Et chevaulçoit ladite Pucelle devant le roy, toute armée
de plain harnas, à estandart desployé ; et quant elle
estoit desarmée, s'avoit elle estat et habis de chevalier,
sollers lachiés dehors piet, pourpoint et cauches justes
et ung chapelet sur le tieste ; et portoit très nobles habis
de draps d'or et de soie bien fourés.
Le Dauphin viennois et son armée s'avancèrent tellement qu'ils arrivèrent
près de Reims. Cependant, au mois de juin, le régent de France
avait fait une grosse armée pour aller contre ledit Dauphin, recueillant
et mettant sur pied tous ceux qui s'étaient échappés et s'étaient sauvés
d'Orléans et d'Yenville ; mais, pendant qu'il mettait son armée sur pied,
le Dauphin et la Pucelle faisaient tous les jours des conquêtes, et étaient
arrivés à Sept-Saulx non loin de Reims. Le Dauphin envoya sommer
les habitants de cette ville de lui ouvrir leurs portes, et de lui rendre
obéissance, malgré qu'ils eussent promis aux ambassadeurs du duc de
Bourgogne, ainsi qu'il a été dit, de résister à ce même Dauphin.

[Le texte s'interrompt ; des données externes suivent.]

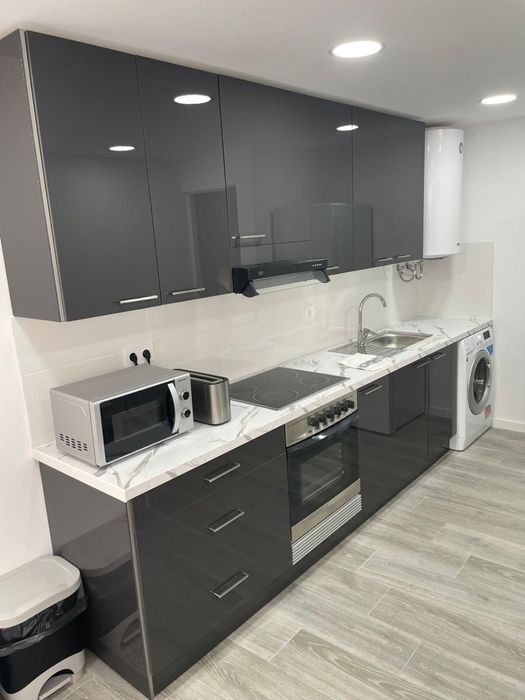 Aluga-se Qurto Mobilado a Rigor  a Estudante Serra da Luz/Pontinha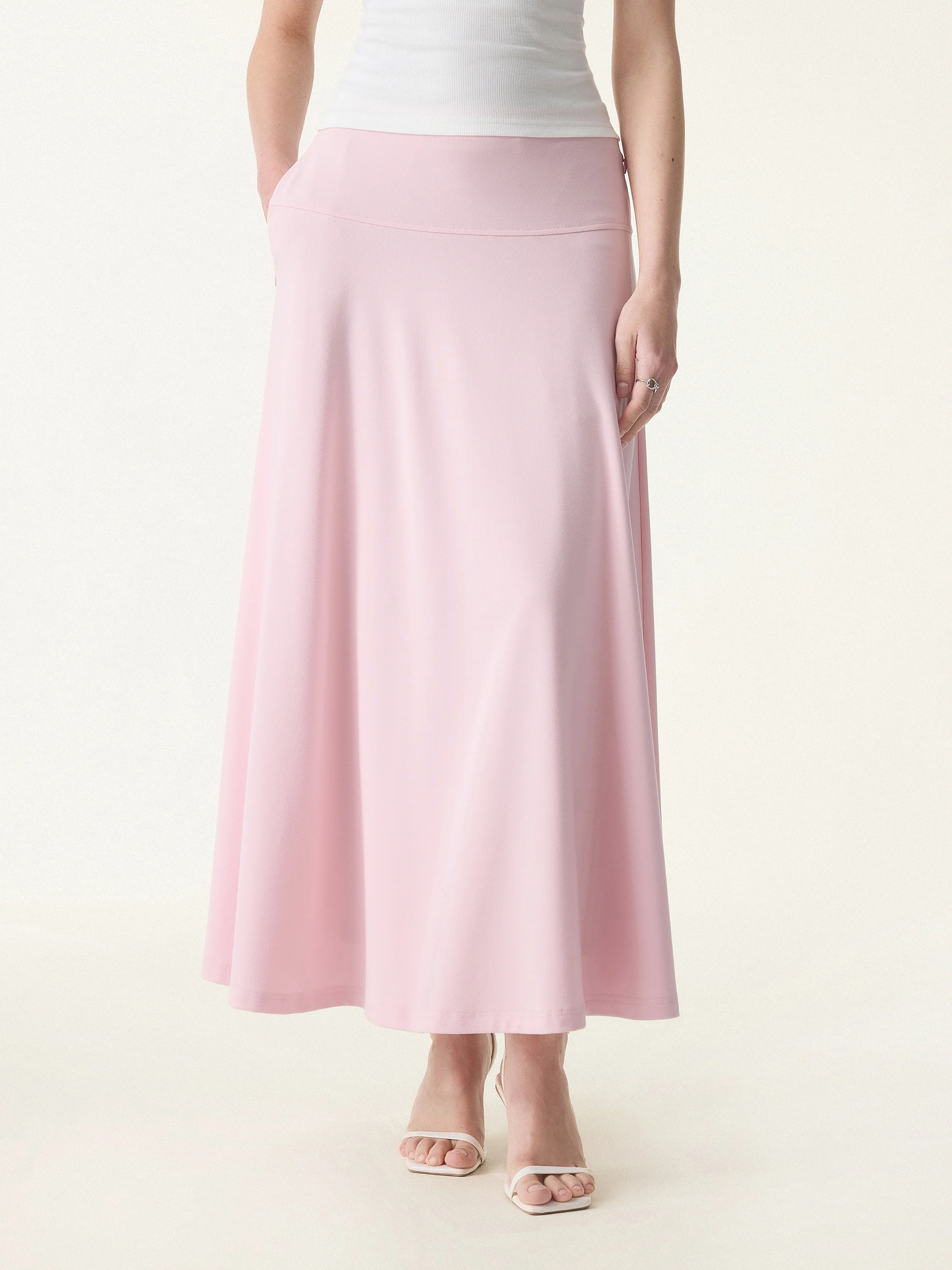 Mid Rise Flare Circle Midi Skirt with Pockets - Image 8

Quand les habitants de Reims entendirent la sommation qu'on leur
faisait de se rendre, ils se réunirent en conseil, conclurent aussitôt d'ouvrir
leurs portes et de rendre obéissance au Dauphin, comme à leur seigneur
naturel, et ainsi il fut fait.
L'archevêque de Reims, chancelier du Dauphin, entra à Reims le
16 juillet, et il y fit son entrée avec une très grande suite. Il fut reçu et
félicité très grandement.
En la compagnie du Dauphin, pour faire son entrée à Reims, le dimanche XVIIe jour du mois de juillet (2), étaient les comtes de Richemont,
d'Alençon, les seigneurs de La Trémoille, de Bosquiaux, de Grandpré,
de Graville, de Gamaches, Poton de Xaintrailles, les seigneurs de Gaucourt
et de Dampierre, Christophe d'Harcourt, Etienne de Vignoles
dit La Hire, la Pucelle et autres capitaines et seigneurs en très grand
nombre. Il avait en sa compagnie une forte armée de gens d'armes et d'hommes des communes qui croissait tous les jours. Ledit jour, il fut sacré
en l'église de Reims par l'Archevêque. Le jeudi suivant il fut à Saint-Marcoul pour la guérison des malades.
La Pucelle chevauchait devant le roi, armée de toutes pièces, l'étendard
déployé. Quand elle était désarmée, elle portait l'habit et avait l'état
d'un chevalier, des souliers avec des lacets en dehors du pied, pourpoint
et chausses justes, un petit chapeau sur la tête ; elle portait de très
nobles habits de draps d'or et de soie, bien fourrés.
Source
: édition Jules Quicherat - 1882.
Mise en Français plus moderne : J.-B.-J. Ayroles "La vraie Jeanne d'Arc - t.III.
Notes :
1 Corrigez "Saint-Marcoul de Corbeny".
2 L'entrée eut lieu le 16 au soir et Richemont n'y était pas.